Hafta sonu aile dostlarımızla yaptığımız brunch keyfi sırasında bir şey dikkatimi çekti. Açık büfede sırada bekleyen pek çok insanın tabaklarını rastgele yiyeceklerle doldurduğunu, normalde yiyeceklerinden çok daha fazlasını aldıklarını fark ettim. Diyeceksiniz ki tanımadığın birinin ne kadar yiyeceğini nereden biliyorsun? Haklısınız, tanımadığım biri ne kadar yer bilemem ama, bir kişi aynı anda hem katı yumurta, hem omlet, hem menemen alıyorsa ve bunlardan 2 çatal alıp bırakıyorsa, karnının değil de gözünün aç olma ihtimali daha fazladır diye düşünüyorum.

Kendi kendime, peki dedim, yaşam da bize aynı bu büfe gibi, hatta sonsuz seçenekler sunduğu halde biz neden hep alabileceğimizin en azını kabul ediyoruz? Neden yaşamda bize sunulanlarda açgözlülük yapmayıp, mütevazı davranıyoruz? Her gün karşımıza çıkan fırsatları görmezden gelip bir kenara itiyoruz. Kendi kendimizin önüne duvarlar örüyoruz? Oysaki açık büfede yeni tatlar, farklı lezzetler için savaş verirken, yaşamda neden aynı kısır döngü içinde kalmayı, az ile yetinmeyi kabul ediyoruz? Hep birbirini takip eden benzer günler, aynı görevler, aynı mekanlar, aynı yüzler… Bunlara mecbur muyuz? Tabii ki değiliz, ancak bunu kendimize nasıl anlatacağız? Daha iyi şeylere layık olduğumuza kendimizi nasıl inandıracağız?
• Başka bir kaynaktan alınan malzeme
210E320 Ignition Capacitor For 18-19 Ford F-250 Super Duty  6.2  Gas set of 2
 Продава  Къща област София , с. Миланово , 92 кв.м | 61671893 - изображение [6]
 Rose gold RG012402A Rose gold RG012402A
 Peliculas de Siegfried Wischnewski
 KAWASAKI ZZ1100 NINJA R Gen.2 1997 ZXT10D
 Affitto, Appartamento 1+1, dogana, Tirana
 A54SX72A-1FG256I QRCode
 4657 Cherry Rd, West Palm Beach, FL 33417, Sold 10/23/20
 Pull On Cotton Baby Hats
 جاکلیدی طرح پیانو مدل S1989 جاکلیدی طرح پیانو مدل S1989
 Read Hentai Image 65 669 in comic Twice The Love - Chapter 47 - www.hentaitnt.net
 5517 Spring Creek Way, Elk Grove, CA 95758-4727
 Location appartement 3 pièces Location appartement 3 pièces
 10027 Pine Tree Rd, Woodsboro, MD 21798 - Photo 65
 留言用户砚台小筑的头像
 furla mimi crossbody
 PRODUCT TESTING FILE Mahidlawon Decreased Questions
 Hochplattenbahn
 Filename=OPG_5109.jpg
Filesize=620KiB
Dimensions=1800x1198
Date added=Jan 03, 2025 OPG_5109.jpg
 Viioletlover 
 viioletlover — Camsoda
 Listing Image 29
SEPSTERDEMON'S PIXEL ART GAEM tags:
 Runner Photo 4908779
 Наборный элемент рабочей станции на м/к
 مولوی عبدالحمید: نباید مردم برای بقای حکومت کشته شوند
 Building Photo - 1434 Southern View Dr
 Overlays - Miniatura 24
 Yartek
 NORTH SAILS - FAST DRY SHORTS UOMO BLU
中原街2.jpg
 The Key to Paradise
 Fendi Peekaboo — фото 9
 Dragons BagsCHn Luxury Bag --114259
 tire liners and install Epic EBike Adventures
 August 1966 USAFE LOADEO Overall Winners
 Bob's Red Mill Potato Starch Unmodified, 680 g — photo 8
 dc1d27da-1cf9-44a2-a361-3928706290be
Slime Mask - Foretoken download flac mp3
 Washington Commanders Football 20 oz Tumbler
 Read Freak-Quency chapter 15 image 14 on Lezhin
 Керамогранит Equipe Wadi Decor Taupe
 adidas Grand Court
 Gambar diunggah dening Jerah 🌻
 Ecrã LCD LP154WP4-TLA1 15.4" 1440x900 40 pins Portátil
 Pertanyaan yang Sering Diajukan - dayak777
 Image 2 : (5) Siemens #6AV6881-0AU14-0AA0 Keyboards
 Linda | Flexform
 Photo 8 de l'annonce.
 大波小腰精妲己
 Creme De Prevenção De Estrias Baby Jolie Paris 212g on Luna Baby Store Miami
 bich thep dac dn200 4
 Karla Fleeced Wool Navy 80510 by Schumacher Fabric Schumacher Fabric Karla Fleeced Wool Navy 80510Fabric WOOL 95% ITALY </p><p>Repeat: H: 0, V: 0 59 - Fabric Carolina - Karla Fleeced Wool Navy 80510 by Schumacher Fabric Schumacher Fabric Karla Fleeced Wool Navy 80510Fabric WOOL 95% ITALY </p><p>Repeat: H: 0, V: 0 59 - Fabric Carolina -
Öncelikle kendimizi iyi tanımalı ve yaşamdan ne istediğimizi çok iyi bilmeliyiz. Nasıl ki bir yolculuğa çıkmadan önce nereye gideceğimize, hava durumuna göre yanımıza neler alacağımıza önceden karar veriyorsak, yaşamda da nereye ve nasıl gideceğimize karar vermeliyiz. Bize sunulanlara karşı daha farkında ve istekli olmalı, yeni şeyler denemekten keyif almalıyız. Burada açgözlülükten kast ettiğim şey, her türlü yeniliğe, öğrenmeye ve denemeye açık olmak, “gözünü açarak” diğer insanların, çevrenin ve fırsatların farkına varmak ve kendiniz için en iyisini istemek. İnsan nasıl ki tatmadığı bir meyvenin tadını bilemezse, yaşamadığı, risk almadığı bir hayatın da nasıl olabileceğini öngöremez. Sonuçta kimse size büyük vaatlerde bulunup, harika bir yaşam süreceğinizi garanti etmiyor. Yaşam sürprizlerle dolu, kimi nereye götüreceği bilinmez. Ancak siz ne istediğinizi bilir ve karşınıza çıkan sürprizleri de birer fırsat olarak kabul ederseniz ne mutlu size. Akvaryum içindeki bir balığın tüm dünyası içinde bulunduğu sudan ibarettir. Siz de aynı bir balık gibi akvaryumda doğup, büyüyüp, verilen yemlerle yetinip, yine aynı akvaryumda ölmemeniz için yaşamınızda neleri değiştirmeniz mümkün?